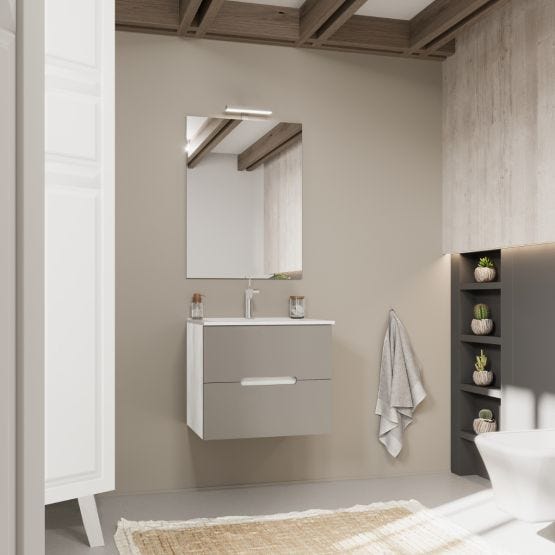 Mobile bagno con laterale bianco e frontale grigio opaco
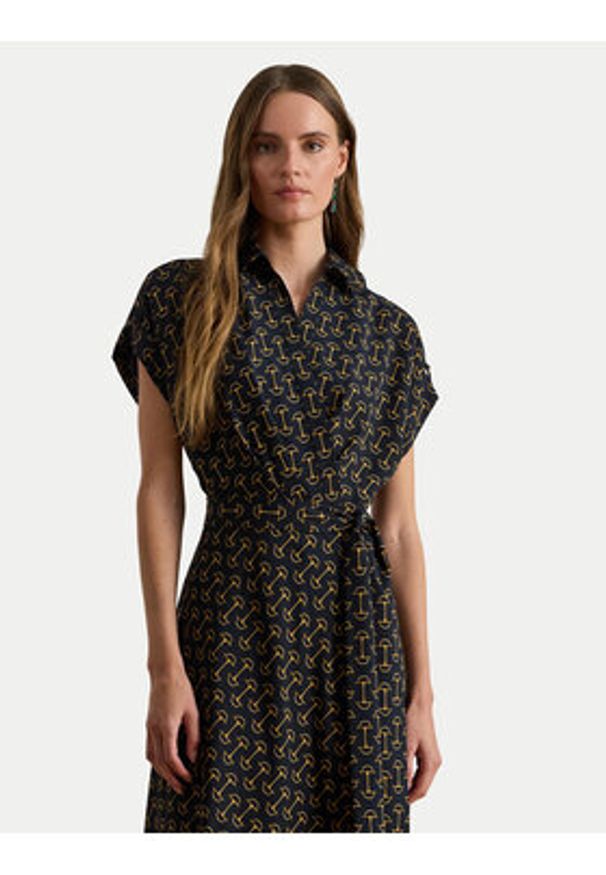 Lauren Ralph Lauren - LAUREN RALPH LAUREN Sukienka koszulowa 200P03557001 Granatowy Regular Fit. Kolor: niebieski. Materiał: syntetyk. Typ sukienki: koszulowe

* * *

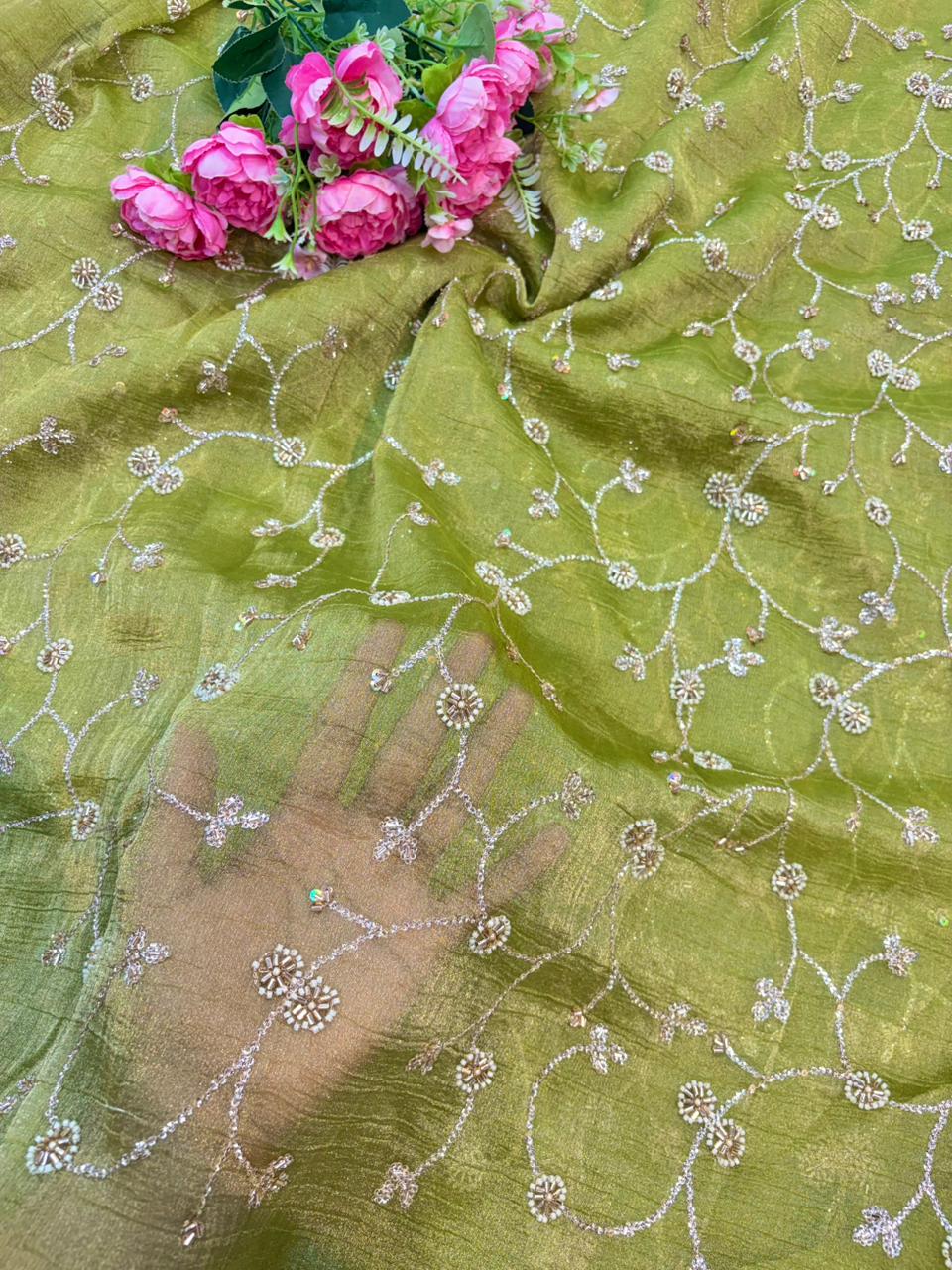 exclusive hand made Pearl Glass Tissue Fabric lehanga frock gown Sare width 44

** What is needed **
A clean copy is needed of the lines above from the one with "Mobile bagno con" up to and including the one with "Lauren Ralph Lauren - LAUREN". Please set it down exactly, with no pictures.

** Answer to this task **
 Mobile bagno con laterale bianco e frontale grigio opaco
 Lauren Ralph Lauren - LAUREN RALPH LAUREN Sukienka koszulowa 200P03557001 Granatowy Regular Fit. Kolor: niebieski. Materiał: syntetyk. Typ sukienki: koszulowe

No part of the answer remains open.